A case study in Kubelet regression in OpenShift

In large-scale platforms like Red Hat OpenShift, seemingly small regressions in core components can have ripple effects across the cluster. As a performance engineering team, we perform continuous performance testing on builds to ensure stability, scalability, and efficiency. In OpenShift 4.20 payloads, we recently identified a kubelet regression that significantly impacted CPU consumption and pod readiness latency (i.e., time taken for pods to get ready since their creation on a cluster). This article details how we detected, investigated, and resolved this issue.

Problem discovery

While running automated scale tests on a 6-node control plane cluster, we detected a 30% increase in kubelet CPU usage and a 50% increase in pod ready latency.

Our changepoint detection tool Orion automatically flagged these deviations. We have this tool configured on all our CI jobs that run on a cron schedule.

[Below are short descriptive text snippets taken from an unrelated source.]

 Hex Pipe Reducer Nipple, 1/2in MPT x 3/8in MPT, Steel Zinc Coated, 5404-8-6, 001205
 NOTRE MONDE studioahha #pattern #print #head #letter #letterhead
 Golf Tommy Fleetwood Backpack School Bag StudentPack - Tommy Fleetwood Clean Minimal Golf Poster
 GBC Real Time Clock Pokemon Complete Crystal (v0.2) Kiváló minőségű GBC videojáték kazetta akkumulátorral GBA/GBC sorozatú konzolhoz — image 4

We receive notifications about these regressions via our internal Slack CI channel, which was our initial encounter in this case.

Initial clues

We had a few initial observations. We first observed regression when kubelet 1.33 landed in OpenShift during the Kubernetes 1.33 rebase. Rolling back to kubelet 1.32.6 immediately restored normal performance. This indicated a kubelet code change as the root cause.

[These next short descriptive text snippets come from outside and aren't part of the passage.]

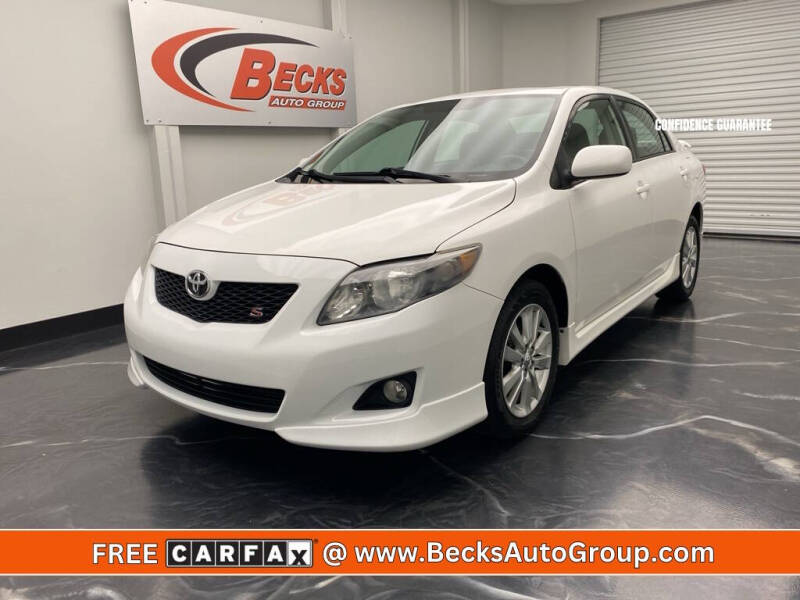 2010 Toyota Corolla for sale at Becks Auto Group in Mason OH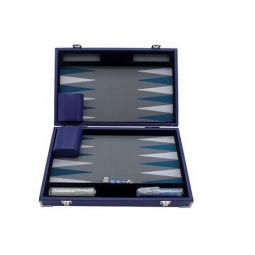 Backgammon Prestige 30cm Bleu  Ikaipaka jeux & jouets Royan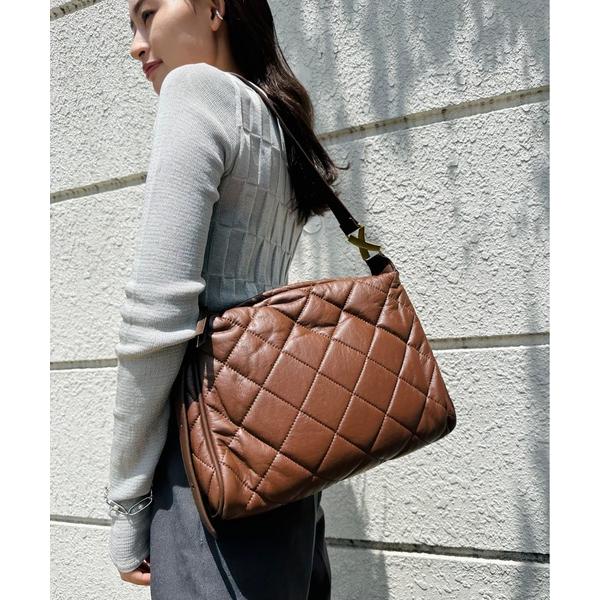 ショルダーバッグ バッグ ONEDAYKMC select / フェイクレザーキルティングショルダーパデッドバッグ レディース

Each Kubernetes rebase brings new features and improvements, and our performance engineering process ensures that OpenShift delivers these upstream changes while maintaining stability and reliability for our users. To investigate this, we compared the node status JSON of a randomly selected node between the previous stable job and the current unstable job based on our change point detection tool (i.e., Orion) output.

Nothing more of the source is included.